David S. Dahl Regional Economist
Noodles add value to wheat and community

In 1980 an Italian-American entrepreneur from St. Paul, Minnesota, Leonard Gasparre, started Noodles by Leonardo in Cando, North Dakota. "He proved value-added agriculture works," says Bob Denison, editor and publisher, Towner County Record Herald.

Gasparre built the country's first integrated mill/pasta plant. The firm purchases milling-quality durum wheat grown in surrounding counties and mills it into semolina, pasta's main ingredient. The plant then converts the semolina into 35 different pasta products and packages them for shipping throughout the United States.

Adding value to North Dakota durum wheat has worked for Noodles by Leonardo, as well as for Cando. The company began with 90 workers and today employs nearly 300. Demand for its pasta has surpassed the Cando plant's capacity, and in fall 1992 a second plant opened in Devils Lake.

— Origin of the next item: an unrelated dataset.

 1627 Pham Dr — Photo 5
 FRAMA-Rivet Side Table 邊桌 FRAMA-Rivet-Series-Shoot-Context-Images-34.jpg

Noodles by Leonardo stabilized the Cando economy during the difficult 1980s when North Dakota agriculture suffered, Denison says. Cando's population increased from 1,496 in 1980 to 1,564 in 1990, making it one of the few North Dakota rural communities to gain population in the 1980s.

The surrounding area has also benefited. The area's farmers now have an additional source of demand for their milling-quality durum wheat, says Dave Speare, plant manager. Noodles by Leonardo also provides those rural workers with a source for employment. Most of its workers live within 26 miles of the plant, but some come from as far away as 60 miles, Speare says.